The orchestrator runs automatically on startup, triggered by the Dockerfile's CMD. It processes a default Account ID (ACC-GUID-SVA - Quantum Dynamics) specified in the docker-compose.yml. You can change this default or trigger runs for other accounts via docker exec.

  1. Monitor Logs: Observe the orchestrator's logs:
    docker logs -f dynamics-pipeline-orchestrator
    
  2. Run for a Different Account:
    # Example: Run for Acme Corp
    docker exec -it dynamics-pipeline-orchestrator python -m dynamics_orchestrator.run ACC-GUID-001
    
    # Example: Run for Beta Solutions
    docker exec -it dynamics-pipeline-orchestrator python -m dynamics_orchestrator.run ACC-GUID-002
    
  3. Check Database: Connect to the d365-db container or use a DB client (connecting to localhost:5435) to inspect the mock_tasks table for created tasks.

Example Run (GIF)

This animation shows the log output when the Dynamics 365 pipeline is run for the default "Quantum Dynamics" account, highlighting the various agent calls and the final generated briefing.
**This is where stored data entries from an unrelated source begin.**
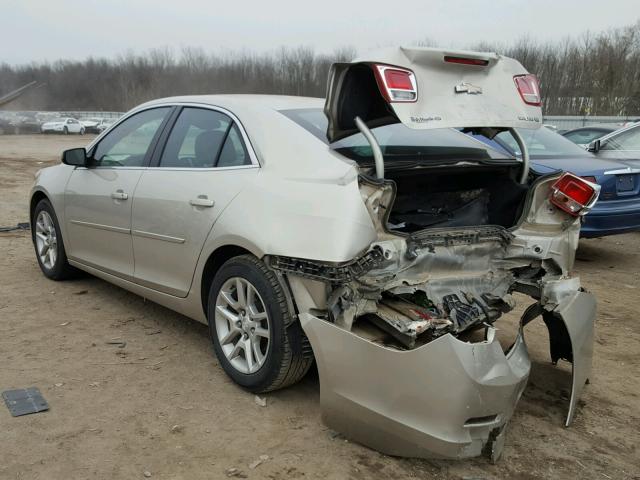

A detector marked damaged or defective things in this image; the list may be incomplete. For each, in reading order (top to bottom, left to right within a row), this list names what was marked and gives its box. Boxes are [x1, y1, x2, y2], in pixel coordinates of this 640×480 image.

broken tail light [372, 63, 418, 102]
broken tail light [516, 74, 540, 106]
exposed vehicle frame [30, 47, 600, 462]
damaged beige sedan [31, 46, 600, 462]
broken tail light [548, 172, 596, 216]
torn bumper cover [298, 288, 596, 462]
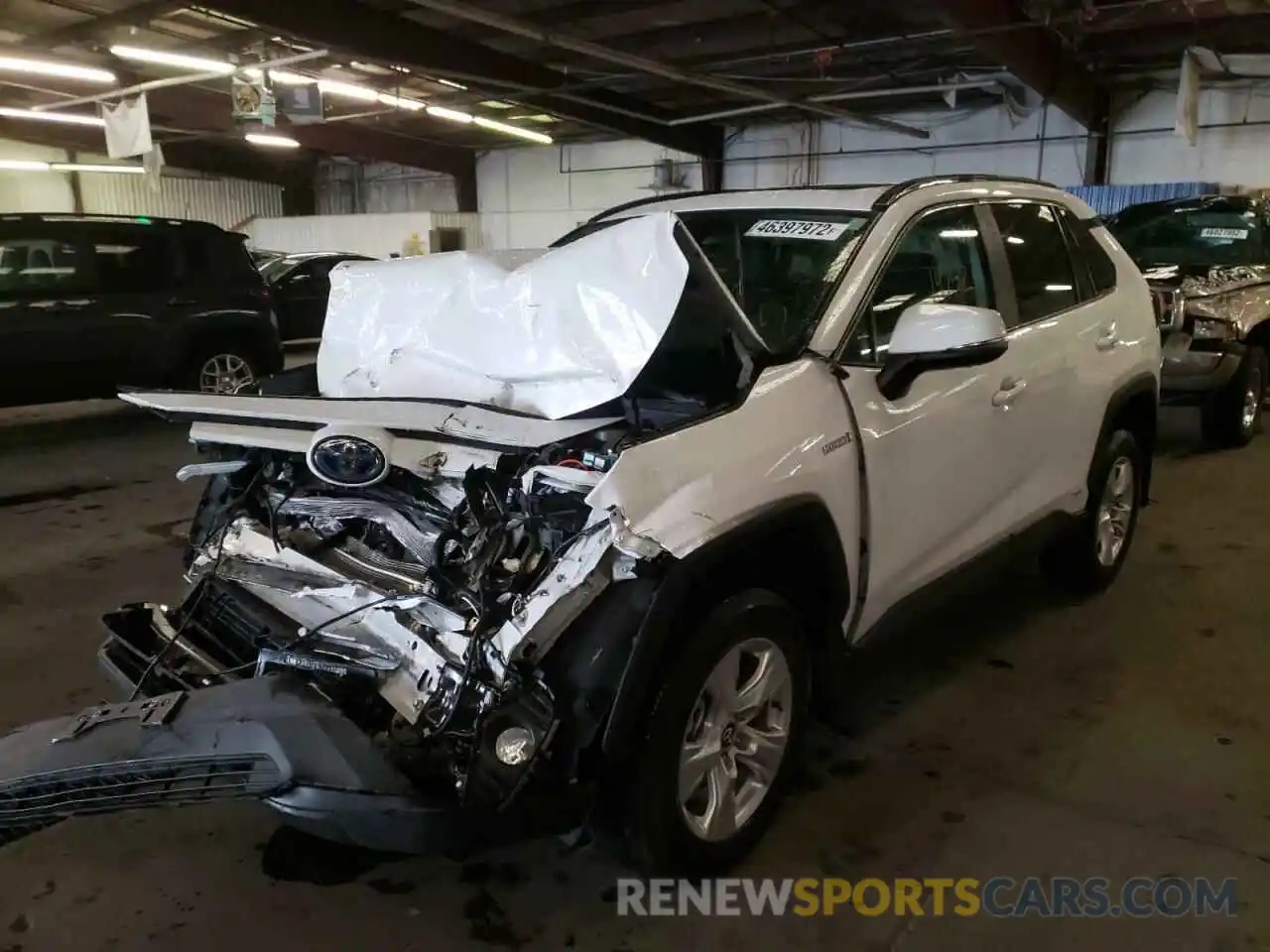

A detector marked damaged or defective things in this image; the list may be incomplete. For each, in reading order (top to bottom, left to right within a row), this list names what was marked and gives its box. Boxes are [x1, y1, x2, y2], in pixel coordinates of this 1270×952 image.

deployed airbag [321, 212, 691, 420]
crumpled hood [318, 212, 695, 420]
another damaged vehicle [1103, 194, 1270, 450]
another damaged vehicle [0, 175, 1159, 873]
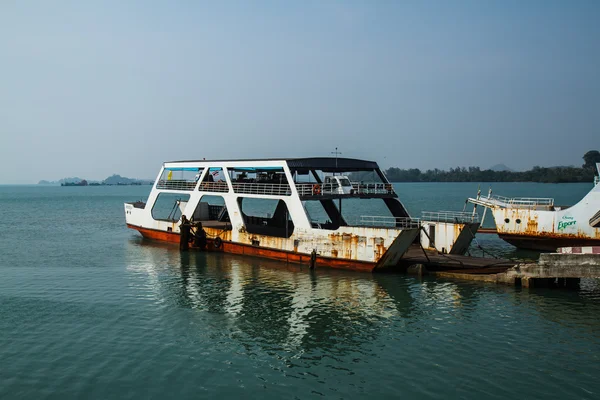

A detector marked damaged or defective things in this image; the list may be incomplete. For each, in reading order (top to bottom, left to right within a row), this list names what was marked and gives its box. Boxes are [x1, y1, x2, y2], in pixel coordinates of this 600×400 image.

rusty ferry boat [124, 156, 480, 272]
rusty ferry boat [468, 162, 600, 250]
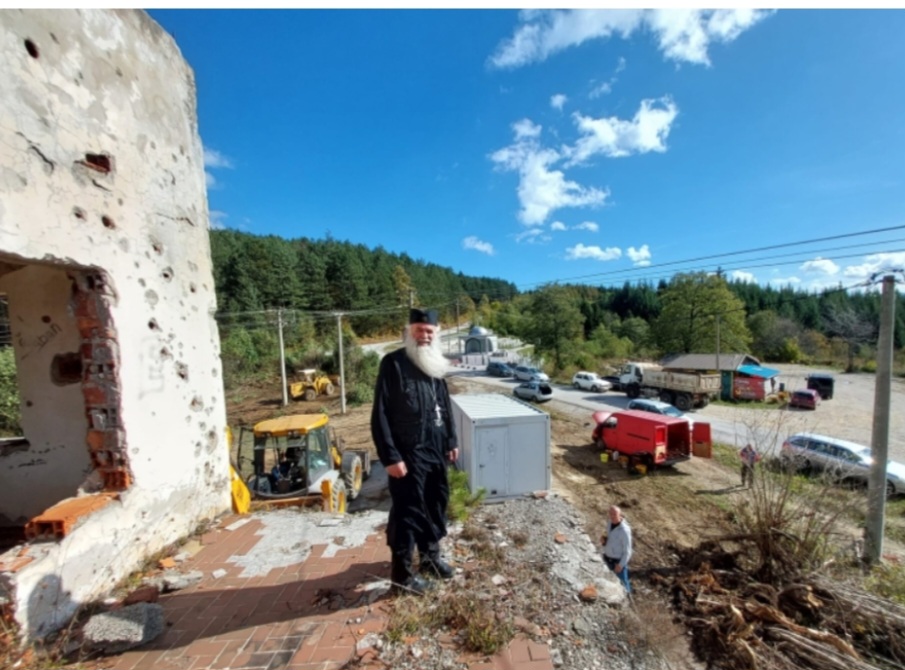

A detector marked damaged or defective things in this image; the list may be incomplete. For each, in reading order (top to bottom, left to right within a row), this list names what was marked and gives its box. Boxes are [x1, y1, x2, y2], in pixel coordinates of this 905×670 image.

damaged white building [0, 9, 230, 640]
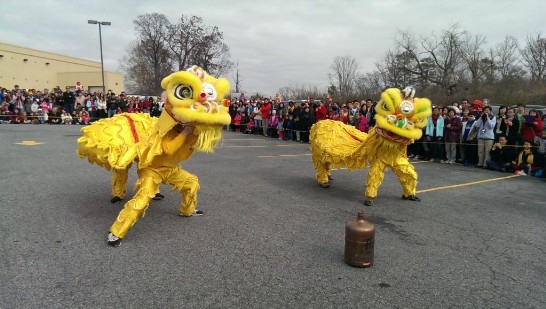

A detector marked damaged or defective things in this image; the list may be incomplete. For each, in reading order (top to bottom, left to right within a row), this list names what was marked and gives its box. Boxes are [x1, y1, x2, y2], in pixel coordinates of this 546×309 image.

Dynamics Pipeline Execution Example (Animation showing logs from the orchestrator calling the fetcher, enricher, analyzer, recommender, task creator, notifiers, and briefer agents)

Expected Output

  • Orchestrator Logs: Show the pipeline steps, agent calls, analysis results, recommendations, action execution attempts (task creation, notifications), and the final briefing.
  • mock_tasks Table: Contains new task records if high-priority actions were recommended and the Task Creator agent succeeded.
  • Agent Logs: Individual agent logs show mock database queries, LLM calls (for recommender/briefer), and mock notification attempts.

Key Features Demonstrated

  • Business Workflow Automation: Orchestrating a CRM-centric analysis and action pipeline.
  • Data Integration: Combining mock internal CRM data with mock external signals.
  • Hybrid Analysis: Using both rule-based logic (Analyzer) and LLM generation (Recommender, Briefer).
  • Action Execution: Triggering downstream actions (mock task creation, notifications) based on pipeline insights.
  • Database Interaction: Agents interacting with a PostgreSQL database simulating a CRM backend.
  • LangGraph Orchestration: Defining the complex workflow with conditional logic.
  • AgentVault Client/SDK: Enabling communication and task management.
  • Docker Compose: Managing a multi-container application with a database.